Suite aux démêlées de l’ex-conseiller au ministère de la Justice dénonçant certains aspects de la gestion du dossier de la BCM – pièce non négligeable de la lutte contre la gabegie – l’Observatoire du Civisme et des Libertés (OCL) a publié un document visant à éclairer l’opinion publique  nationale, les institutions judiciaires du pays et les organisations internationales actives dans la lutte contre la corruption et pour la transparence.

L’OCL espère ainsi contribuer à celle-ci et l’éclatement de la vérité. Fourmillant de révélations sur ledit dossier, le rapport lève un coin du voile sur ce qui ressemble à une vaste « opération de recyclage et blanchiment d’argent et de récupération », doublée de trafic de fausses monnaies…

On y apprend notamment, via des aveux de personnes auditionnées, comment cette opération était orchestrée par la Banque Centrale, en complicité avec les hautes autorités de la République.

Censée garantir la souveraineté monétaire du pays, la BCM a couvert le recyclage de milliers (millions ?) d’euros et de dollars à provenance douteuse : préjudices à l’économie nationale ?

Des analystes et observateurs n’ont d’ailleurs pas manqué de se demander si le changement de la valeur de notre monnaie, sans aucune justification économique valable, n’a pas elle aussi servi à couvrir ces opérations de blanchiment et de recyclage d’argent. Et de parler en conséquence de « déstabilisation du système monétaire » que d’autres n’hésitent pas à qualifier de « crime »…

Troisième question posée par ce document, pourquoi une enquête n’a-t-elle pas été ouverte par le procureur de la République, fort des aveux fournis par les personnes interrogées dans l’enquête ? C’eût été pourtant la procédure. Au lieu de s’attaquer à un conseiller par lequel le scandale est révélé, elle devait conduire à l’audition, voire à l’interpellation, des personnes citées ou suspectées. N’est-ce pas à cause de la BCM que des gens croupissent en prison dans le dossier de la Nouvelle Banque de Mauritanie (NBM) ?

Engagés, disent-ils, dans la lutte contre la corruption, gangrène du pays, les pouvoirs publics auraient trouvé, avec ces aveux, une belle occasion de marquer le coup.
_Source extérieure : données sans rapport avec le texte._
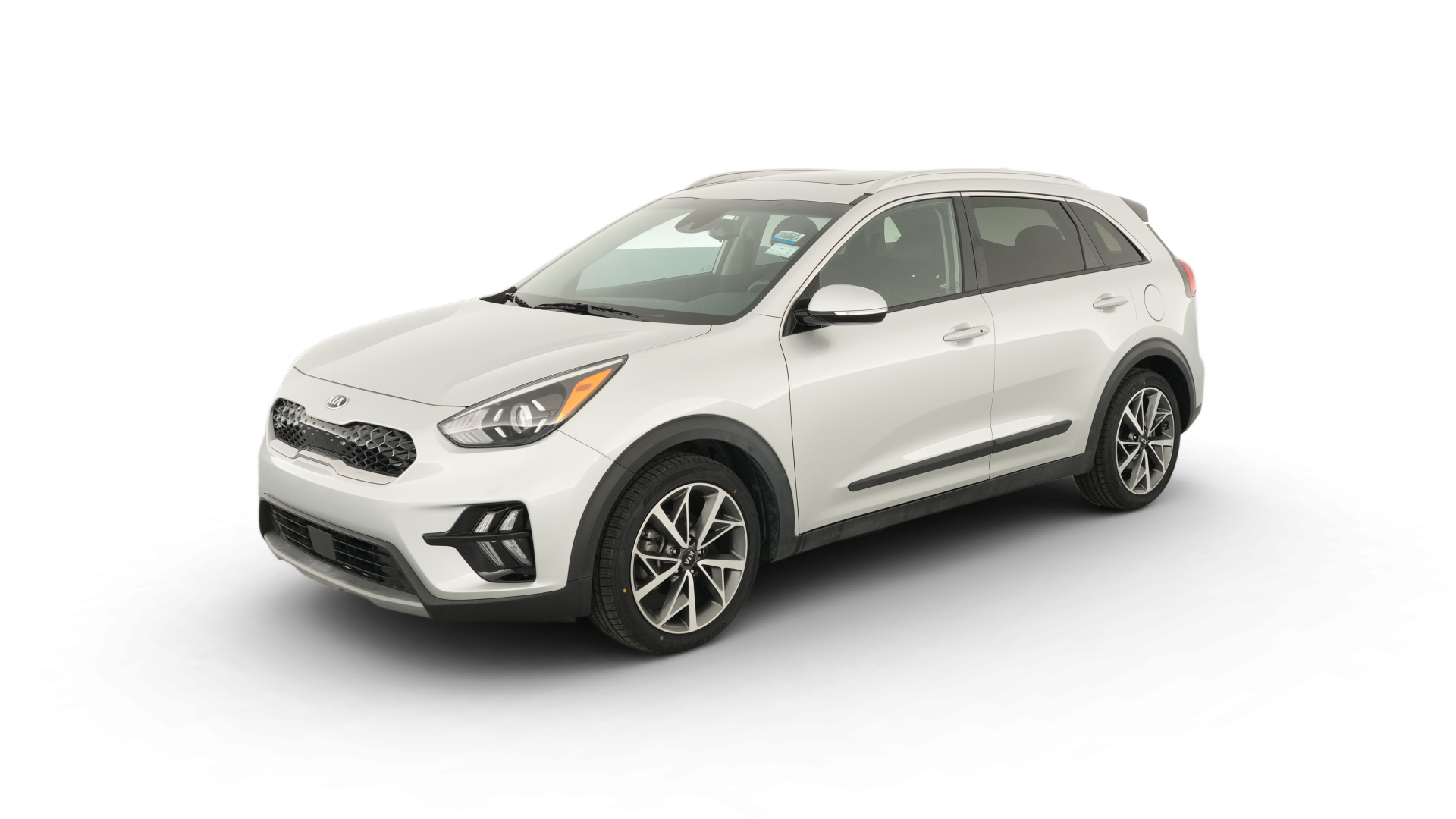 2020 Kia Niro Touring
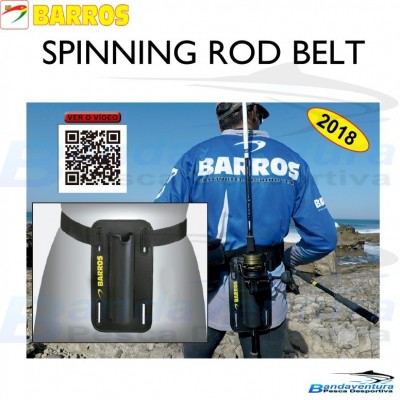 BARROS SPINNING ROD BELT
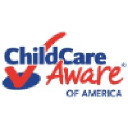 Logo of https://childcareaware.org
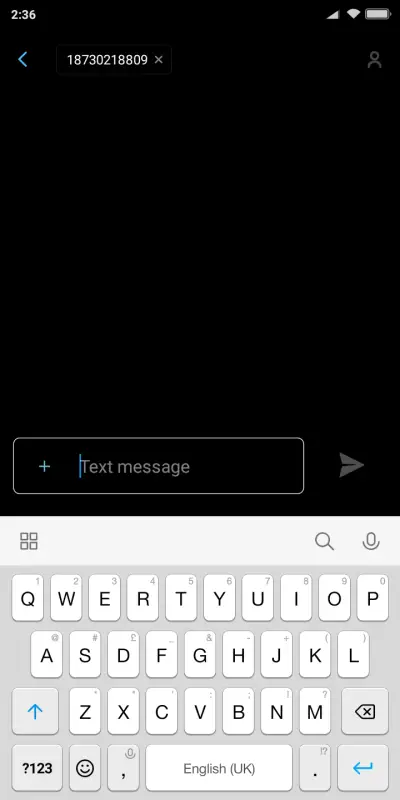 City night lights - Screenshot 8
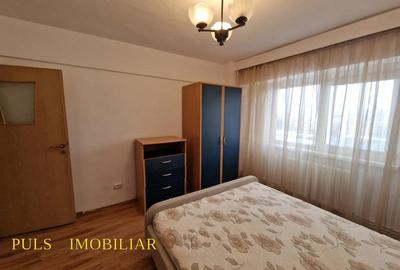 Apartament cu 2 camere decomandat în Central - 7
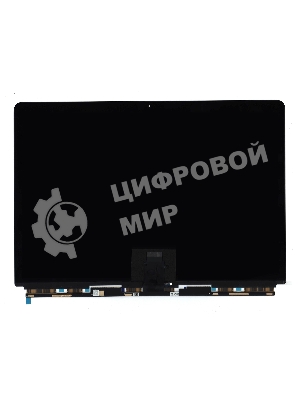 Матрица для MacBook Air 13.6 A2681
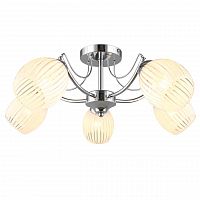 потолочная люстра omnilux calasetta oml-65607-05 в Королёве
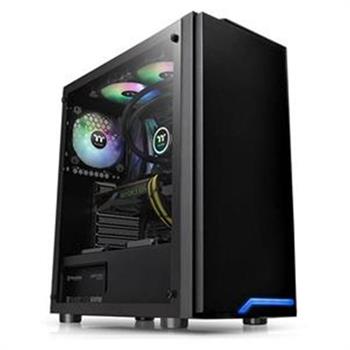 کیس ترمالتیک مدل Thermaltake H100 TG
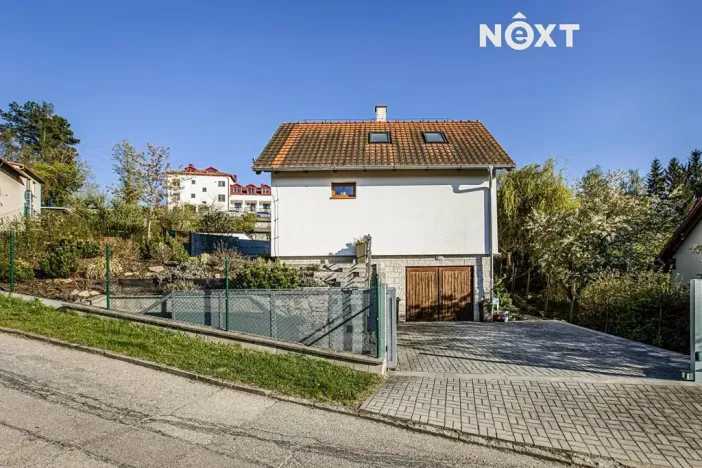Prodej rodinného domu, Český Krumlov, Skalka, 70 m2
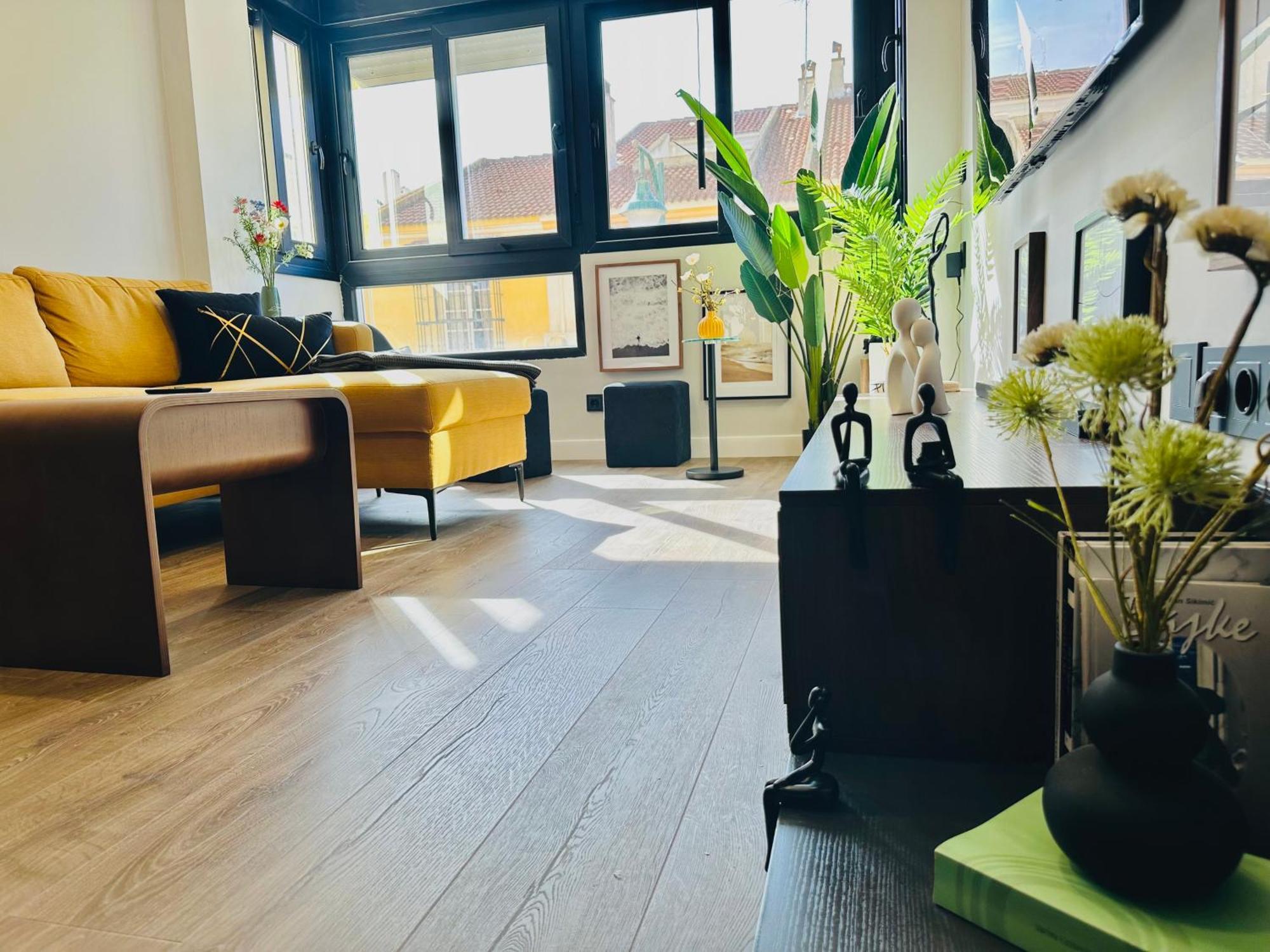 Lux Modern Appartement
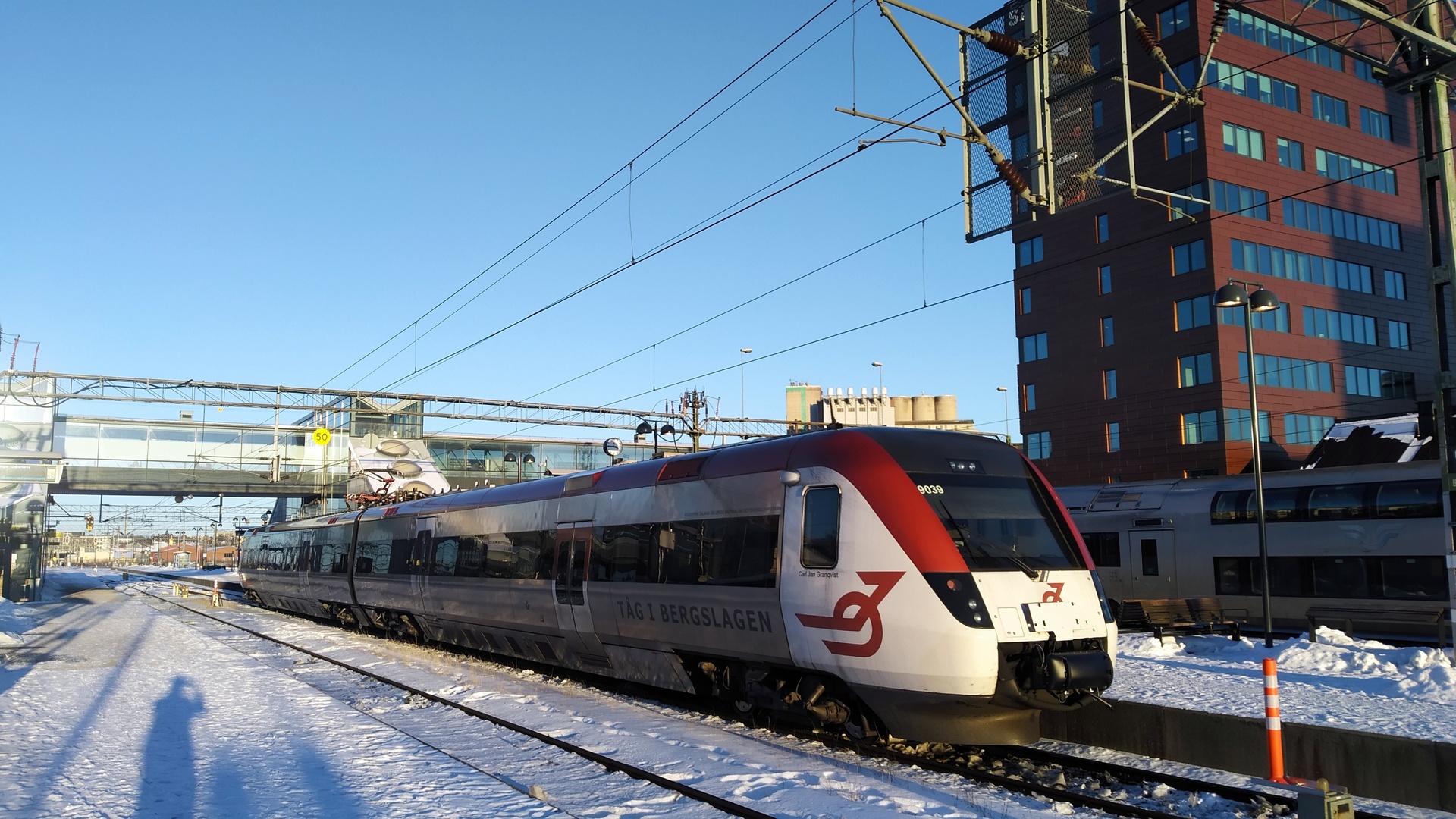 Bombardier X54-2 – photo 2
Mais, en dépit des révélations, hier, de la commission d’enquête parlementaire (CEP) et, aujourd’hui, de celles relatives à cette affaire de la BCM, la lutte contre la corruption se dégonfle petit à petit.

Le dossier-phare « de la décennie » qui épinglait des centaines de personnes n’a conduit aux arrêts que l’ex-président Ould Abdel Aziz, placé seul en préventive depuis Juin dernier. Plus grave, des personnes citées en différents scandales restent en liberté ou, plus inédit, gardent leur poste ou sont carrément promues. De quoi renforcer la conviction des observateurs persuadés de ce que le pouvoir cherche à extirper ce dossier de son agenda. La lutte contre la corruption redeviendrait-elle le slogan qu‘elle fut sous Ould Abdel Aziz, fameux « Président des pauvres » ?

Pour rappel, l’affaire de la BCM en question avait éclaté suite à la découverte d’un trou de 938.000 euros et près de 600.000 dollars, augmenté de faux billets pour une valeur de 116.000 dollars et 127.000 euros.

Sept personnes avaient été impliquées dont Tebiba Mint Alioune N’Diaye, principale suspecte. Elle fut condamnée à six ans de prison ferme, une amende de 500.000 MRU à verser au Trésor public, remboursement à la BCM de 935.135 euros et 558.675 dollars, confiscation de tout son patrimoine généré par les biens détournés ; le tribunal n’avait pas retenu l’accusation de « blanchiment d’argent » mais le Parquet avait interjeté appel après le prononcé du verdict.